On a micro level, Watchmen has good pacing. Scenes flow together nicely, the audience learns new information at a consistent rate, and it slows down at the appropriate moments while speeding up at others. However, if you zoom out and look at the show at a macro level, it all falls apart. Take the Seventh Kavalry for instance. This white supremacist militia is revealed from the start but kept mostly shrouded in mystery. We learn of their terror attacks in the past and get hints at what they might be planning, but after episode three they never matter in a meaningful way until the finale. There is never a point where we learn why they wear Rorschach masks or what their motivations are, save for a quick lore dump right before the ending. And it turns out, Lindelof has another threat that’s even worse than the white supremacists, except this threat is handled even more clumsily. Again, I won’t spoil the who or what, but I’ll just say that it feels like the writers went, “Well, the white supremacists want to hurt people and are extremists, but what if there was someone who wanted to make the world a better place, but was also an extremist?” Because of course, someone who wants to fight for change by any means is comparable to someone who wants to use guns to kill people.

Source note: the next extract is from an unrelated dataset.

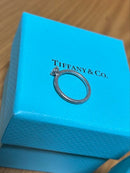 Tiffany Rings Co 0.28Ct 5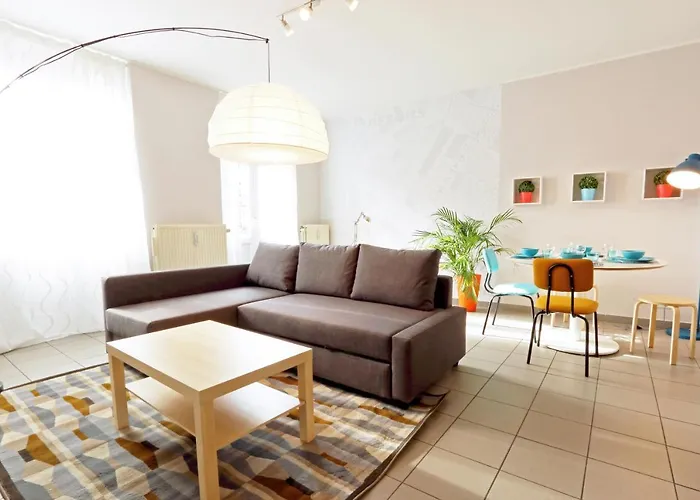 Downtown Apartmán Brusel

And that is what we are left with after the show is over: messy and inconsistent politics. Watchmen starts strong with a depiction of the Tulsa Race Massacre of 1921, an event many don’t even know about. It tries to tackle racism in America head-on, something other prestige TV shows don’t do at all. However, just talking about race isn’t enough; a show needs to handle it’s content and messaging well for it to succeed, and Watchmen just doesn’t. Aside from some of the interesting ways it plays with the lore of the comic to make a point, Lindelof doesn’t seem to understand the issues he’s making an entire TV series about. It acknowledges America’s racist past, but it reduces that past to individual actors rather than larger systems of oppression. At one point the massacre, which was a real historical event, gets blamed on the fictional cult which started the Seventh Kavarly. Watchmen would rather make up a conspiracy to blame for racism rather than face the fact that citizens and even the government were complicit or active in the oppression of black people less than a century ago. It takes steps forward in putting racism and America’s problems front and center in its writing but then looks for an easy answer to those problems in a way the original Watchmen never did. As film critic Leslie Lee puts it: “The alternate world of HBO’s Watchmen is one in which fighting white supremacy head-on is ultimately less important than making peace with your anger at white supremacy, even if you’re a superhero.”

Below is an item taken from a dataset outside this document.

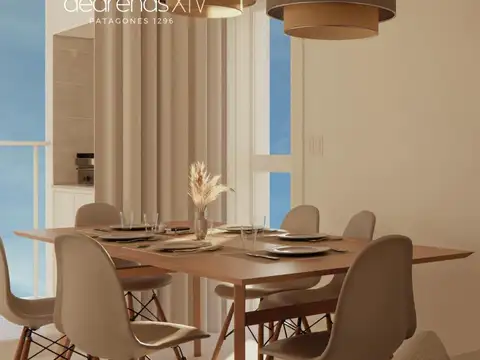 Departamento Monoambiente en Constitución | Mar del Plata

You can tell the people working on this show were at least trying. They have a reverence for the comic and a passion to tell a unique story. You can read articles about how there was an effort made to include writers of color and to be respectful when they were filming scenes from the Tulsa Massacre. Lindelof himself said that he was inspired to center the show around race and make the Tulsa Massacre a focal point of the story because of Ta-Nehisi Coates’s essay “The Case for Reparations.” Well, all I can say is that I recommend Lindelof read a little bit more of Coates. Between the World and Me is a fantastic book that captures the American experience as a black person and puts it in a wider historical context. More importantly, it asserts that racism is more than a klan gathering to burn a cross. It’s more than some conspiracy by a white supremacist cult to start a race war. It’s more than some people with one skin color being angry at people of another skin color. Rather, as Coates puts it, “Racism is not merely a simplistic hatred. It is, more often, broad sympathy toward some and broader skepticism toward others.”